S’il est possible d’impliquer papa au moins parfois dans l’éducation, il vaut mieux le faire. Ne vous attendez pas à ce que papa, qui est à portée de main, se précipite dans la mêlée et prenne l’initiative. Parfois, il faut beaucoup de temps pour persuader, supplier, convaincre, mais s’il y a la moindre chance, trouvez la force en vous-même, faites-le. Inutile de vous tenir fièrement dans une pose, de lever le nez, et il est important de déclarer que vous pouvez le gérer vous-même. Manipulez beaucoup! Mais encore, une femme ne peut pas concevoir sans un homme. Même l’insémination à distance nécessite la participation d’un homme.
Les femmes qui élèvent leurs enfants sans mari, et parfois avec des maris aussi, doivent souvent combattre l’opinion publique en la personne de parents proches et éloignés, plus souvent des parents qui s’efforcent de dire quelque chose de peu flatteur sur leurs pères. La belle-mère pèche souvent avec ça. Ils n’attendent que l’occasion de mettre une épingle à cheveux: oui, le vôtre est tel ou tel, où étiez-vous quand les bons hommes ont été distribués? Vous avez dansé (lire des livres, fait carrière) et des hommes bons ont été enlevés sous votre nez.

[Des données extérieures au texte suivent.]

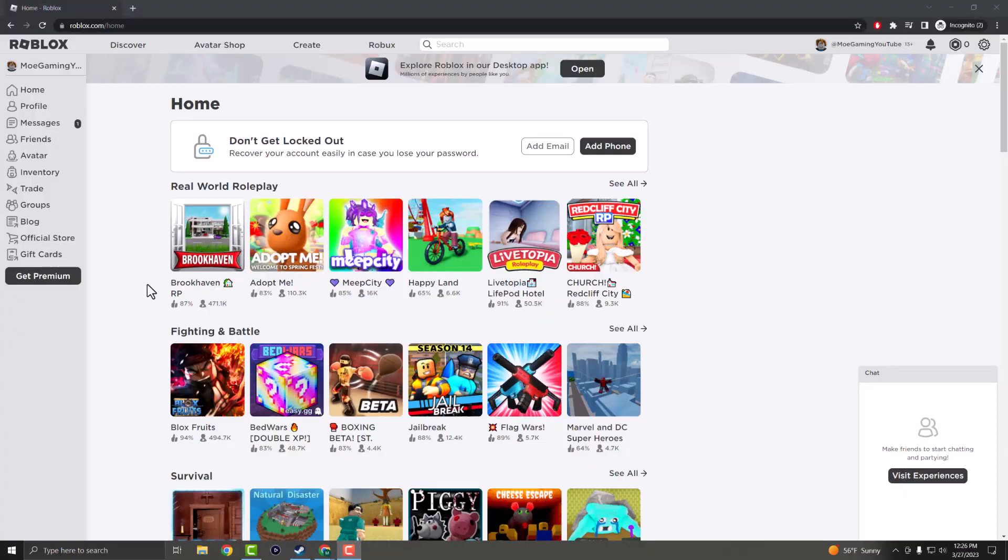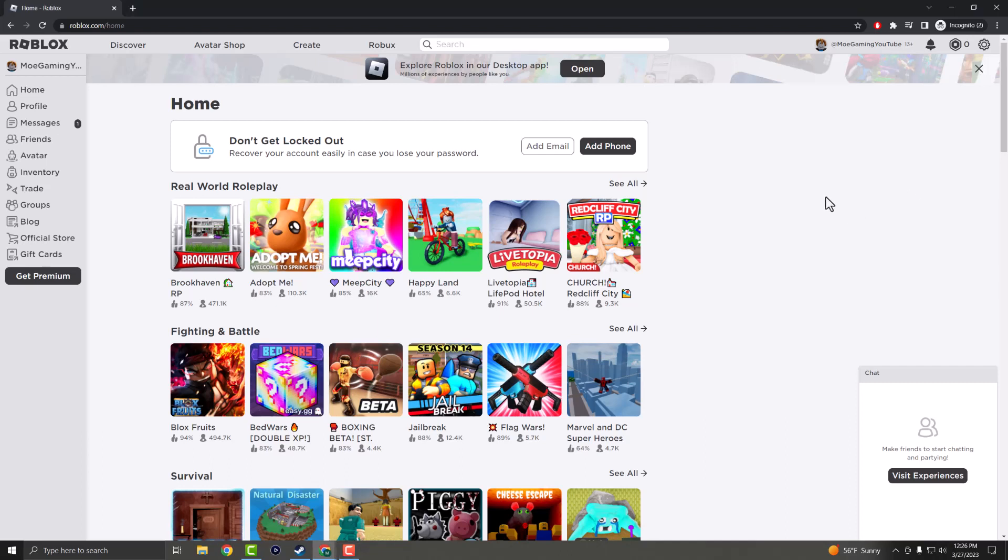What is up everyone, this is MoGaming here and today I'm going to show you how to fix the Roblox error code 403 forbidden error on your Google Chrome device or maybe another browser that you may be using. So let's get right into this.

« Tordues» par les grands-mères, c’est-à-dire par leurs mères, les femmes craquent sur leurs hommes, s’ils existent, ou sur leurs enfants, puis des histoires de «petites mains qui fuient» leur sortent de la bouche.
Il est très difficile de résister à l’opinion publique, surtout s’il existe des prérequis objectifs pour ne pas considérer le père de votre enfant comme idéal. Les grands-mères savent exactement où c’est maigre! Ils ont frappé dans le mille. Les grands-mères doivent être résistées afin de protéger la paix dans leur famille. Mais résistance ne signifie pas lutte ou bataille. Il est inutile de s’impliquer dans une discussion et de prétendre que votre homme est un saint. Ce n’est pas un saint, et vous le savez très bien. Mais ses défauts ne signifient pas qu’il est nécessaire de gâcher la vie de votre enfant.
Ces phrases aident à arrêter les discussions indésirables au tout début. En fin de compte, vous comprenez que votre mère ou votre grand-mère vous souhaite du bien, mais comprend le bien d’une manière différente de celle que vous souhaitez. Ne vous disputez pas, mais embrassez votre mère et dites-lui quelque chose de gentil. Complimentez ses tartes ou sa coiffure. Si tu veux papoter sur les hommes, vas-y. Tu sais, c’est mieux d’aller voir un psychologue. Un professionnel vous écoutera et vous aidera à chasser les émotions négatives accumulées.